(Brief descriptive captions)

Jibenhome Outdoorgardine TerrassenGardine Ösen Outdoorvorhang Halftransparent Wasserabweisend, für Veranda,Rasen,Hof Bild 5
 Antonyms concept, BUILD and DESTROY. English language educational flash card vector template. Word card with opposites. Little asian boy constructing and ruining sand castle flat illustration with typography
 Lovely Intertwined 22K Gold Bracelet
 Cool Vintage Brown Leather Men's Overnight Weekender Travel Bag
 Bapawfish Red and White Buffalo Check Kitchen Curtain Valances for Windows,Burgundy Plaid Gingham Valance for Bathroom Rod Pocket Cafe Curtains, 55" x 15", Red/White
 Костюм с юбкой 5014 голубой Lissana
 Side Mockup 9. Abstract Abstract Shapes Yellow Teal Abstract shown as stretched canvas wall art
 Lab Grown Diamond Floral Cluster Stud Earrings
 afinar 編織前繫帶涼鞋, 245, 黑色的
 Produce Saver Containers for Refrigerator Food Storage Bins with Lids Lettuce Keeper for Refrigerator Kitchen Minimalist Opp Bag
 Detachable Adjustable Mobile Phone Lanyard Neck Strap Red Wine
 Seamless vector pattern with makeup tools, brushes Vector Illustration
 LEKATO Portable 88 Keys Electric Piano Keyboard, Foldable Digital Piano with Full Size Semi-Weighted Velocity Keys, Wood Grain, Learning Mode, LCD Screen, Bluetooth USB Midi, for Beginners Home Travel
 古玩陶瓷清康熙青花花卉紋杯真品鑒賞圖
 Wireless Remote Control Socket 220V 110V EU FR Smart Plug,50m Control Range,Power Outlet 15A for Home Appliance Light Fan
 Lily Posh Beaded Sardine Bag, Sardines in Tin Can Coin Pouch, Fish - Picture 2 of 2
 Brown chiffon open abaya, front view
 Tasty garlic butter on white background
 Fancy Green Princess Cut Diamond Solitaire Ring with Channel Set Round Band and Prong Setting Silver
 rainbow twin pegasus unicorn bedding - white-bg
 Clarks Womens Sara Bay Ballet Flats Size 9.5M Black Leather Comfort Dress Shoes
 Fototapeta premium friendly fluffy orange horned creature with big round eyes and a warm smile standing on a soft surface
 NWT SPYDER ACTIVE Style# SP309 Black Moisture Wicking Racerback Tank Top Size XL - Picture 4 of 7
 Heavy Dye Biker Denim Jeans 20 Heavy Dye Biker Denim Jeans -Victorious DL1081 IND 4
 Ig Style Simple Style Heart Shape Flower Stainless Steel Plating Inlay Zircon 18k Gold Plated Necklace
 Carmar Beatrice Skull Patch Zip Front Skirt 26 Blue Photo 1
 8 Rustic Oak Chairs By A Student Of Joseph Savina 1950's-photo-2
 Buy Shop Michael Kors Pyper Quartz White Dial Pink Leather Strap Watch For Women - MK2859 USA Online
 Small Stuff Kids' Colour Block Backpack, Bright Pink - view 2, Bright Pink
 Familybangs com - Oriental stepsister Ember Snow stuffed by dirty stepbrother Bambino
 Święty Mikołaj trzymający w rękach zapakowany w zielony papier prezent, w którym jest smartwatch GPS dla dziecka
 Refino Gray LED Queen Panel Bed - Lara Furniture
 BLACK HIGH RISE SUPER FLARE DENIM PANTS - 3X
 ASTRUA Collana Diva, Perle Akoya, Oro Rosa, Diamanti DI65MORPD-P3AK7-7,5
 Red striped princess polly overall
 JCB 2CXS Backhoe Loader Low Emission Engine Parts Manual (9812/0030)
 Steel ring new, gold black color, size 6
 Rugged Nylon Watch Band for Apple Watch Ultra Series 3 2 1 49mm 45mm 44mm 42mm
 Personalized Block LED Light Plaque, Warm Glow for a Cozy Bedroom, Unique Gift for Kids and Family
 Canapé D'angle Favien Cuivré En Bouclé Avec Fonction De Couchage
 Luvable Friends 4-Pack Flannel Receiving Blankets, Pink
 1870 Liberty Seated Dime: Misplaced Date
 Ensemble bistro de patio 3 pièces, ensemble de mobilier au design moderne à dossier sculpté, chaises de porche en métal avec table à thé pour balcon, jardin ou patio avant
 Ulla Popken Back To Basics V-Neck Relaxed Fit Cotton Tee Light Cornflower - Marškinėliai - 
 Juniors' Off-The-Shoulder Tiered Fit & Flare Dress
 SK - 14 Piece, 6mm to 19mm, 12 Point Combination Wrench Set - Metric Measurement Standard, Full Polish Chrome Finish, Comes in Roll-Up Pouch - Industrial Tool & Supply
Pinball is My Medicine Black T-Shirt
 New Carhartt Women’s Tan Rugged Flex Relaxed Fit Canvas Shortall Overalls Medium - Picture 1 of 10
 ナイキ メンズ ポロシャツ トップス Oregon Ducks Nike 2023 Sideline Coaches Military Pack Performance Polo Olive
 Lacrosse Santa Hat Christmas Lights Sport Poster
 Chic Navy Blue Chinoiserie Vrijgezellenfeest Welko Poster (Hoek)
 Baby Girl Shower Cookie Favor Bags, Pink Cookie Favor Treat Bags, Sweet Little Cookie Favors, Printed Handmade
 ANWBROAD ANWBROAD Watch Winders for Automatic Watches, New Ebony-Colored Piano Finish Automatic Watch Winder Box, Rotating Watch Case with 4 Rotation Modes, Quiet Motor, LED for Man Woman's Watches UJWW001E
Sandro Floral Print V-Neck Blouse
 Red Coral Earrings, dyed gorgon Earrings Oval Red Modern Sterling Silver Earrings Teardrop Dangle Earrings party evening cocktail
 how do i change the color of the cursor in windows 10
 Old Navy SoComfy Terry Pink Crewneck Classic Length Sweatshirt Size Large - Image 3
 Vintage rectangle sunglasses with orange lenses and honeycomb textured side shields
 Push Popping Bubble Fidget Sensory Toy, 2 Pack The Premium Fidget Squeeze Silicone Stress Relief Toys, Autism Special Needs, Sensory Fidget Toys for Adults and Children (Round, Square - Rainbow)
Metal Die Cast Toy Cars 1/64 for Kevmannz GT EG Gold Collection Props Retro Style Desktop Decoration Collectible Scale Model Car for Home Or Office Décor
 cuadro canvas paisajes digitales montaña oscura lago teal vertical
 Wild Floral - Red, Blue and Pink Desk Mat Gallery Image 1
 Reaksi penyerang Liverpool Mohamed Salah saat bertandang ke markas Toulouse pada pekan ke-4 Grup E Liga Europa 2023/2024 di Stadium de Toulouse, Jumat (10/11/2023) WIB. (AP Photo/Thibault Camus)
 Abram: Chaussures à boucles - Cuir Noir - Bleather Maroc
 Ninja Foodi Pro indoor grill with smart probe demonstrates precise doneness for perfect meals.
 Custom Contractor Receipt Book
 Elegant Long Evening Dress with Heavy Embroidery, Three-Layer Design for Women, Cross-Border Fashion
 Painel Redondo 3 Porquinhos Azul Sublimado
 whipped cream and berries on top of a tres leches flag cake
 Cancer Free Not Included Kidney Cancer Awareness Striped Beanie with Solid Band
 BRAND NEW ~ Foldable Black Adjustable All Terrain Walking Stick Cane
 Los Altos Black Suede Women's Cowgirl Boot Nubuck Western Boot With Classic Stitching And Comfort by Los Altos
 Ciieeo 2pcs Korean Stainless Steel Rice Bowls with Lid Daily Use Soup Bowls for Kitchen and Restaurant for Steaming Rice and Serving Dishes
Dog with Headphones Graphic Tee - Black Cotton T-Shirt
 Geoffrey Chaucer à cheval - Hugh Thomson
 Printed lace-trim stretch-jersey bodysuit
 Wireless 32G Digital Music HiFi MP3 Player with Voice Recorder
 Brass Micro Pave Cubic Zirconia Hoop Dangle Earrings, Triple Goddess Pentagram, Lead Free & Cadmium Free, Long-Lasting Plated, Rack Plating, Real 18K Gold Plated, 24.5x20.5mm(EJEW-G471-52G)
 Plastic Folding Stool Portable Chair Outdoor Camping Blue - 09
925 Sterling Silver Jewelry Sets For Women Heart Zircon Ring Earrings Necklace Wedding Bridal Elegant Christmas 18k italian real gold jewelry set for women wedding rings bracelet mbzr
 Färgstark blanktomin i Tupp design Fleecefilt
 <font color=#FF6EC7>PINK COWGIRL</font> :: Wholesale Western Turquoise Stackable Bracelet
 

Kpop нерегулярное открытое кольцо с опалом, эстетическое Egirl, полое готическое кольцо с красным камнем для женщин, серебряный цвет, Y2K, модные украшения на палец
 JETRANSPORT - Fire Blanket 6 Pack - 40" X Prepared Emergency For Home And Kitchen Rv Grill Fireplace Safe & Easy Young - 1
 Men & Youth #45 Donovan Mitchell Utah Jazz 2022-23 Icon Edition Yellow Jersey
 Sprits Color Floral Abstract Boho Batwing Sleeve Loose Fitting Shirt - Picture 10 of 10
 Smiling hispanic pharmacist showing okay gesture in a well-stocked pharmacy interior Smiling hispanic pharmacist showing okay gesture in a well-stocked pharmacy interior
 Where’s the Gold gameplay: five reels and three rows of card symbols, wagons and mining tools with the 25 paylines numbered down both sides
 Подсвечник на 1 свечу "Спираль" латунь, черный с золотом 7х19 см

▸ What you need to do
Please, from the entries above, set down exactly the lines from the one containing "Antonyms concept, BUILD" through the one containing "Produce Saver Containers", and only those.

▸ Finished task
 Antonyms concept, BUILD and DESTROY. English language educational flash card vector template. Word card with opposites. Little asian boy constructing and ruining sand castle flat illustration with typography
 Lovely Intertwined 22K Gold Bracelet
 Cool Vintage Brown Leather Men's Overnight Weekender Travel Bag
 Bapawfish Red and White Buffalo Check Kitchen Curtain Valances for Windows,Burgundy Plaid Gingham Valance for Bathroom Rod Pocket Cafe Curtains, 55" x 15", Red/White
 Костюм с юбкой 5014 голубой Lissana
 Side Mockup 9. Abstract Abstract Shapes Yellow Teal Abstract shown as stretched canvas wall art
 Lab Grown Diamond Floral Cluster Stud Earrings
 afinar 編織前繫帶涼鞋, 245, 黑色的
 Produce Saver Containers for Refrigerator Food Storage Bins with Lids Lettuce Keeper for Refrigerator Kitchen Minimalist Opp Bag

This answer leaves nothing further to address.